Non-tuberculous mycobacteria
From IDWiki
- Mycobacteria that excludes tuberculosis and leprosy
Microbiology
- Acid-fast bacilli, free-living in the environment
- Direct microscopy with auremine rodhamine fluorochrome stain (better than Ziehl-Neelsen)
- Broadly divided into slow-growers and fast-growers
- Fast-growers produce colonies within 7 days on solid media
- Grows optimally at 28-30º C, with some preferring 35º C
- May grow in blood culture if mycobacteremic
- Slow-growers produce colonies after more than 7 days on solid media
- MAC, M. xenopi, and M. kansasii are the three most important
- Grows optimally at 35-37º C except M. haemophilum (28-30º C) and M. xenopi (42-45º C)

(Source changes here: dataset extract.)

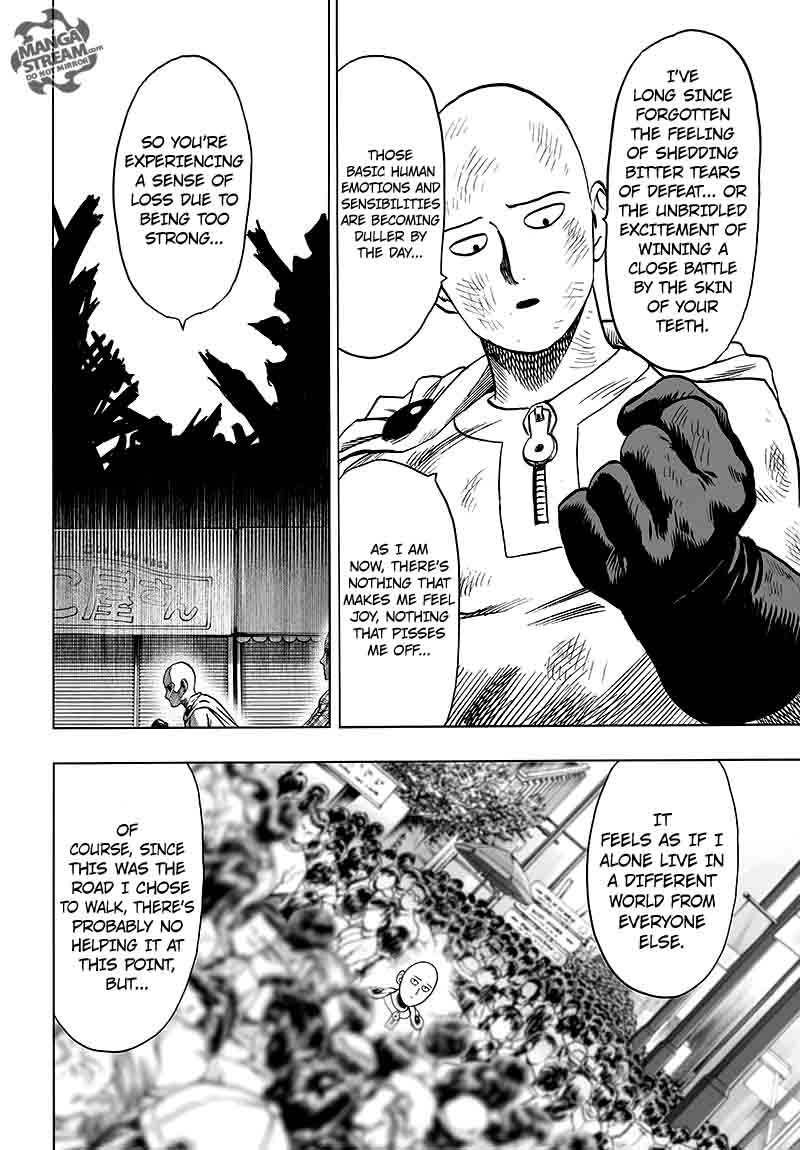One Punch Man, onepunchman Chapter 125 - Page 8 in English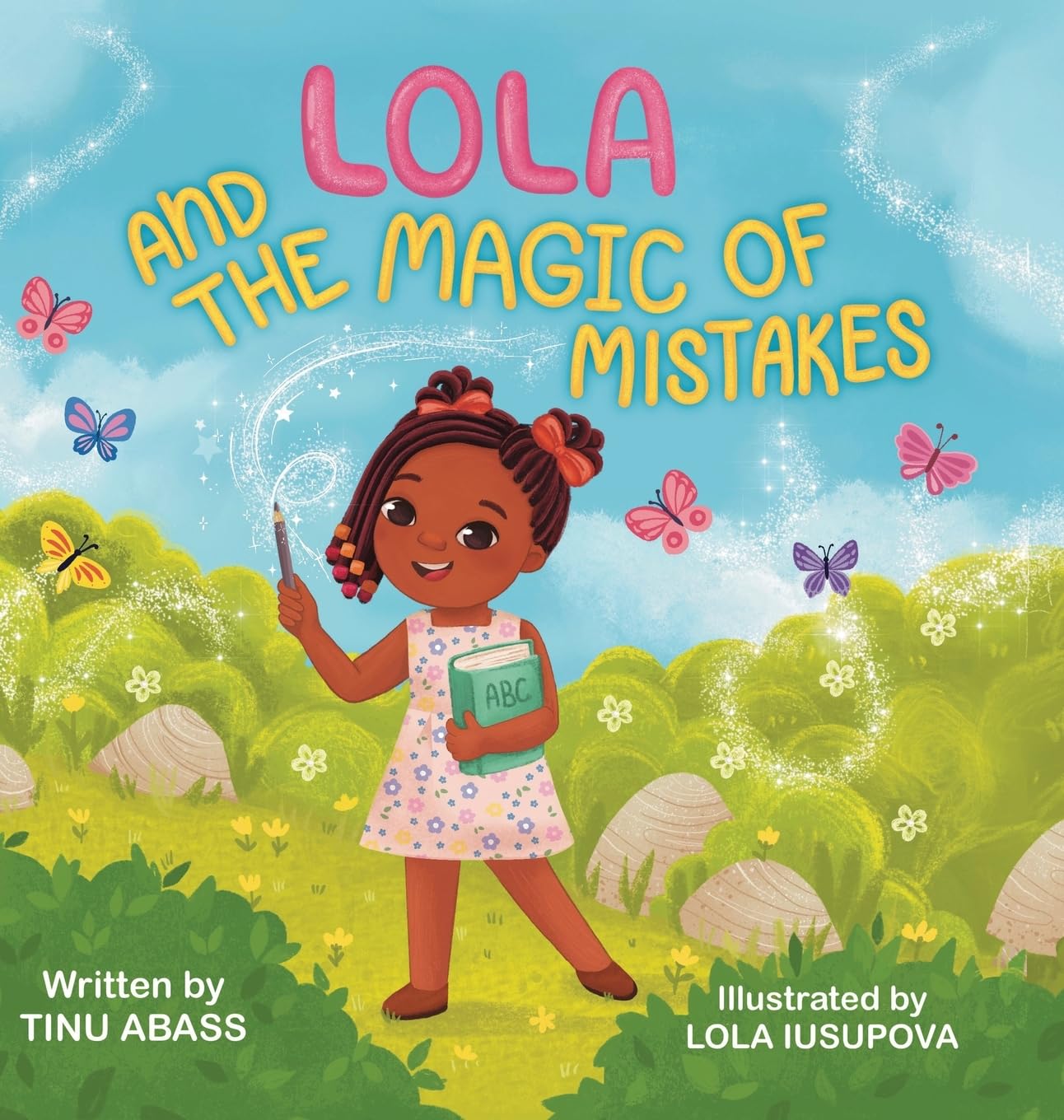 Lola And The Magic Of Mistakes Non-fiction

- Fast-growers produce colonies within 7 days on solid media
- Media includes blood or chocolate agar, MTBC media, etc
- Species-level identifiation requires molecular tests
Species
- More than 200 species of Mycobacterium spp. that are not in M. tuberculosis complex or M. leprae
Species | Notes |
---|---|
Rapid-growers | Visible in culture in <7 days |
M. fortuitum complex | |
M. fortuitum | |
M. peregrinum | |
M. porcinum | |
M. chelonae | |
M. abscessus | |
M. abscessus subsp. abscessus | |
M. abscessus subsp. bolletii | |
M. abscessus subsp. massiliense | |
M. smegmatis | |
M. mucogenicum | |
Slow-growers | Visible in culture in >7 days |
Photochromogens | Develop pigments in light. |
M. kansasii | Always assumed to be pathogenic, never colonizer. |
M. marinum | Intermediate-grower (7-10 days). |
Scotochromogens | Develop pigments in darkness. |
M. gordonae | Intermediate-grower (7-10 days). Common tap-water contaminant. |
M. scrofulaceum | |
Nonchromogens | |
[M. avium complex]] | In HIV, rarely pulmonary and almost always disseminated. |
M. avium | Most common subspecies. |
M. intracellulare | |
M. chimaera | |
M. terrae complex | |
M. ulcerans | |
M. xenopi | Grows optimally at 42-45º C. |
M. simiae | |
M. malmoense | |
M. szulgai | |
M. asiaticum | |
M. haemophilum | Grows optimally at 28-30º C. |
Pathophysiology
- Inhalation ± microaspiration, likely from water source
- Environmental organisms that are essentially unavoidable
- Response is cell-mediated with pulmonary macrophages, with assistance from CD4, IL-2, and IFN-γ
Epidemiology
- NTMs are distributed worldwide, present in soil, household water, vegetable matter, animals, and birds
- Also tap water (especially M. gordonae, M. kansasii, M. xenopi, M. simiae, MAC, and M. mucogenicum)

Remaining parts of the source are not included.